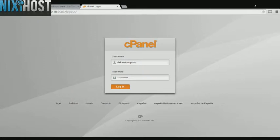This Nixiehost tutorial will show you how to install Camilo using Softaculous and cPanel. We'll begin by logging into cPanel.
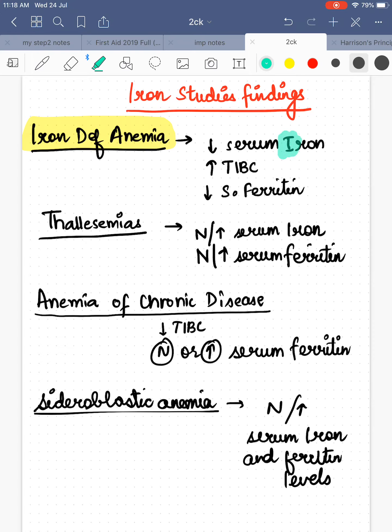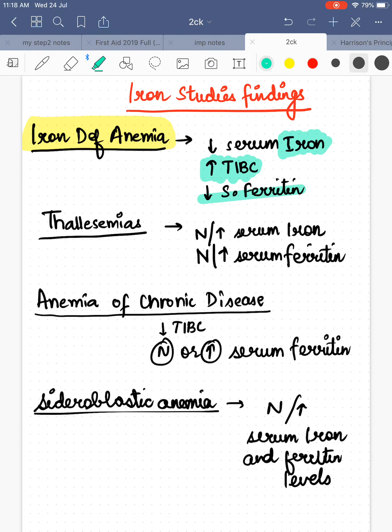In iron deficiency anemia, serum iron decreases, total iron binding capacity increases, and serum ferritin decreases. So what is decreasing in iron deficiency anemia is iron as well as serum ferritin, and what is increasing is total iron binding capacity.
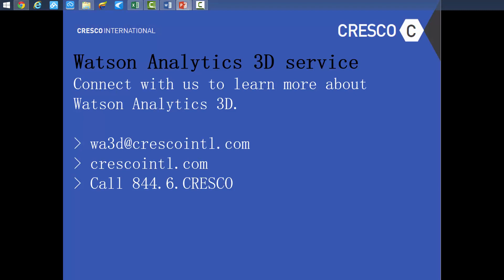To see how your organization can benefit from IBM Watson Analytics, contact Cresco today.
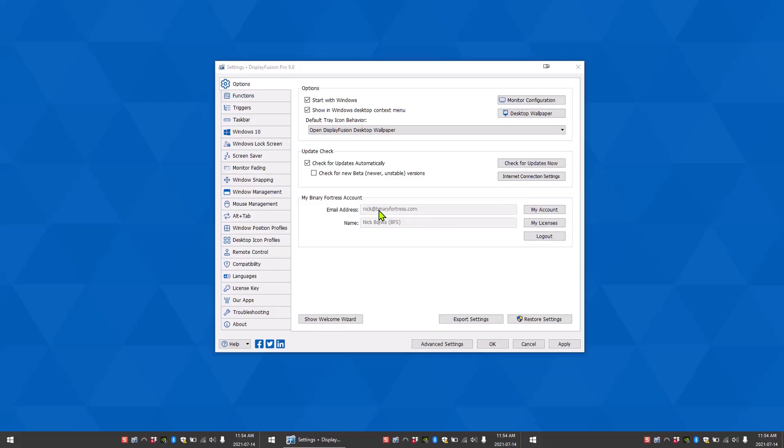Hello, today I'm going to show you how to create triggers in DisplayFusion. Triggers are a powerful and versatile way to automate window management tasks.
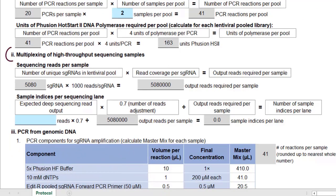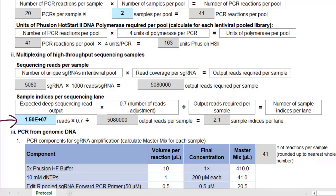Part 2 covers multiplexing, which is running multiple samples in one lane. We recommend a minimum of 1,000 reads per sgRNA, so the tool calculates the number of output reads required per sample. If the output of your sequencing platform is higher than the number of reads required, you may be able to multiplex. For a sequencing platform with an output of 15 million reads per lane, we get 2.1 sample indices per lane. We need to round this down to a whole number, so we can run two samples per lane.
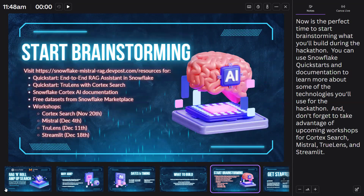Now's the perfect time to start brainstorming what you'll build during the hackathon. You can use Snowflake Quickstarts and documentation to learn more about some of the technologies you'll use. And don't forget to take advantage of upcoming workshops for Cortex Search, Mistral, TrueLens, and Streamlit.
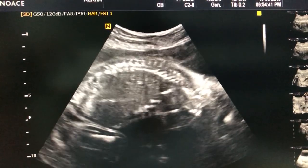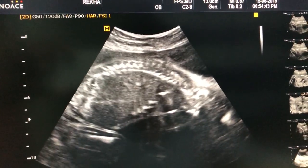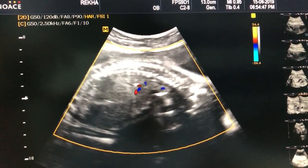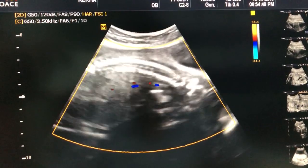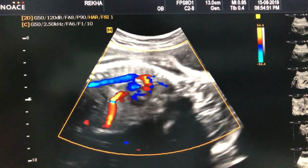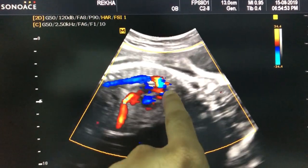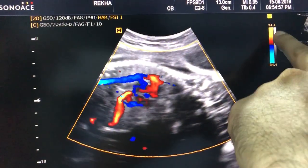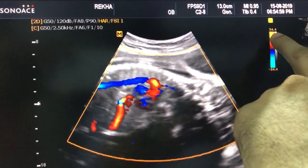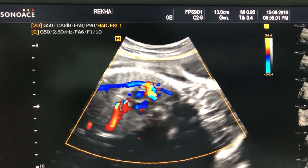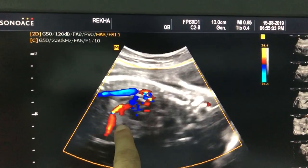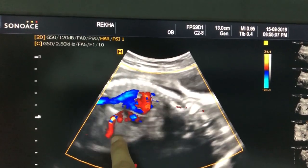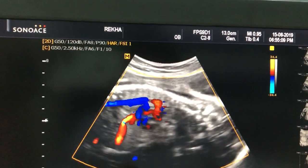This video shows how to catch and identify the ductus venosus. Take this longitudinal view and try to get this aortic arch view. You have to keep the velocity at 34 and then look for the aortic arch and this vessel — you have to get this view.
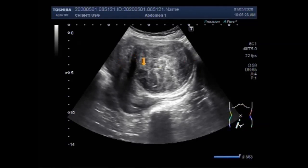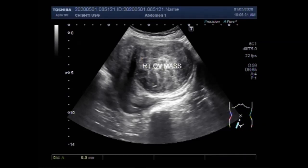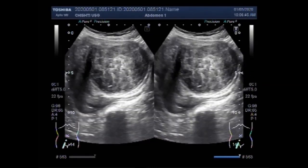Symptoms of ovarian cancer may include abdominal pain or bloating, constipation, increased urination, back pain, fatigue, heartburn, and feeling full quickly. You can see the size of the mass — it measures about 7.8 centimeters.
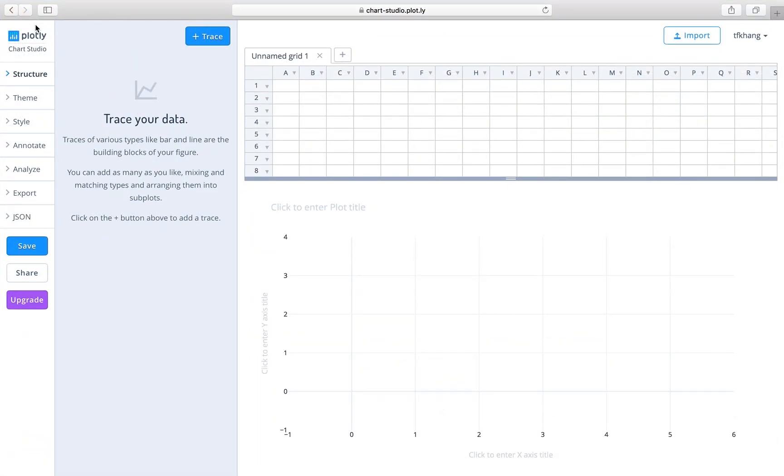Hi, hello everyone. I'm Dr. Kang. In this video tutorial, I'm going to show you how to use Chart Studio to make box plots.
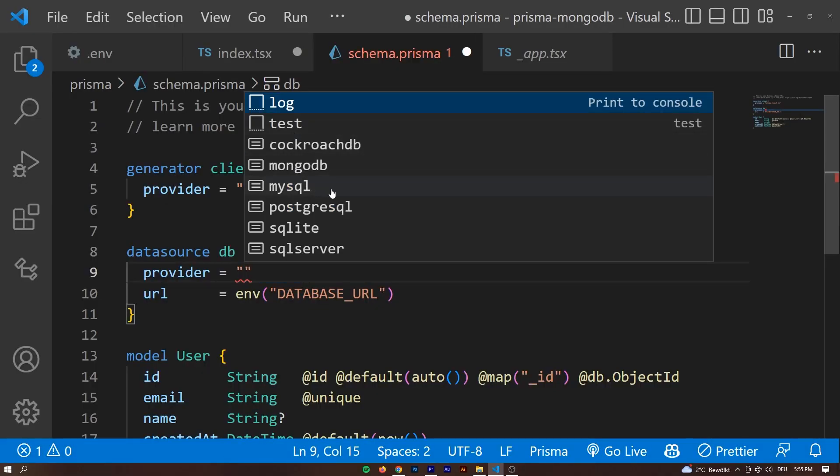Prisma supports a bunch of stuff — even SQLite if you just want to persist some data locally, for example. But what I mostly do is use hosted cloud solutions, either through something like PlanetScale or CockroachDB, or in this case MongoDB, which works just fine as well. Now, there are some Mongo-specific things that you need to pay attention to if you choose a NoSQL database with Prisma.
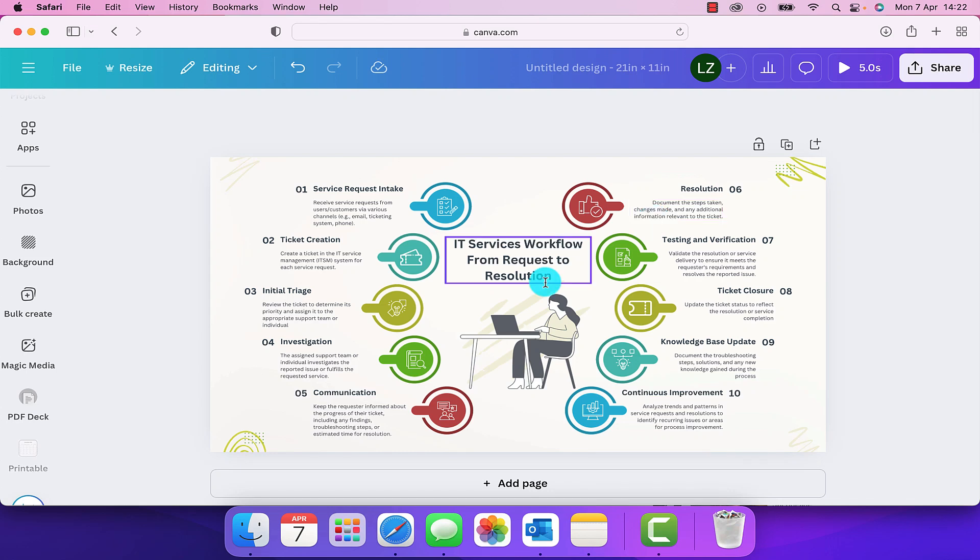Hi everyone, welcome back. In today's Canva tutorial, we're taking a look at how we can highlight text within a document.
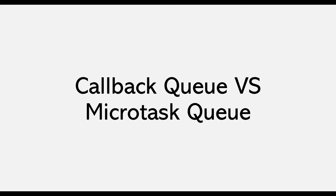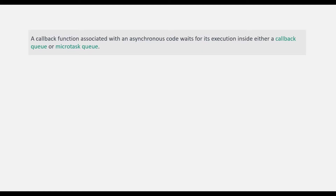In the last lecture we learned how asynchronous JavaScript code gets executed behind the scenes by the JavaScript engine. When we have asynchronous JavaScript code in our program, it is handed over to the web API where it does its job, and the callback function attached to it gets registered and waits in the web API. Once the job is complete, the registered callback function is passed over to either the callback queue or the microtask queue.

******

• YOUR INSTRUCTIONS:
Pictures are not part of the copy. Restate everything else in the listing word for word.

• EXPECTED OUTPUT:
This Nixiehost tutorial will show you how to install Camilo using Softaculous and cPanel. We'll begin by logging into cPanel.
In iron deficiency anemia, serum iron decreases, total iron binding capacity increases, and serum ferritin decreases. So what is decreasing in iron deficiency anemia is iron as well as serum ferritin, and what is increasing is total iron binding capacity.
To see how your organization can benefit from IBM Watson Analytics, contact Cresco today.
Hello, today I'm going to show you how to create triggers in DisplayFusion. Triggers are a powerful and versatile way to automate window management tasks.
Part 2 covers multiplexing, which is running multiple samples in one lane. We recommend a minimum of 1,000 reads per sgRNA, so the tool calculates the number of output reads required per sample. If the output of your sequencing platform is higher than the number of reads required, you may be able to multiplex. For a sequencing platform with an output of 15 million reads per lane, we get 2.1 sample indices per lane. We need to round this down to a whole number, so we can run two samples per lane.
Now's the perfect time to start brainstorming what you'll build during the hackathon. You can use Snowflake Quickstarts and documentation to learn more about some of the technologies you'll use. And don't forget to take advantage of upcoming workshops for Cortex Search, Mistral, TrueLens, and Streamlit.
This video shows how to catch and identify the ductus venosus. Take this longitudinal view and try to get this aortic arch view. You have to keep the velocity at 34 and then look for the aortic arch and this vessel — you have to get this view.
Symptoms of ovarian cancer may include abdominal pain or bloating, constipation, increased urination, back pain, fatigue, heartburn, and feeling full quickly. You can see the size of the mass — it measures about 7.8 centimeters.
Hi, hello everyone. I'm Dr. Kang. In this video tutorial, I'm going to show you how to use Chart Studio to make box plots.
Prisma supports a bunch of stuff — even SQLite if you just want to persist some data locally, for example. But what I mostly do is use hosted cloud solutions, either through something like PlanetScale or CockroachDB, or in this case MongoDB, which works just fine as well. Now, there are some Mongo-specific things that you need to pay attention to if you choose a NoSQL database with Prisma.
Hi everyone, welcome back. In today's Canva tutorial, we're taking a look at how we can highlight text within a document.
In the last lecture we learned how asynchronous JavaScript code gets executed behind the scenes by the JavaScript engine. When we have asynchronous JavaScript code in our program, it is handed over to the web API where it does its job, and the callback function attached to it gets registered and waits in the web API. Once the job is complete, the registered callback function is passed over to either the callback queue or the microtask queue.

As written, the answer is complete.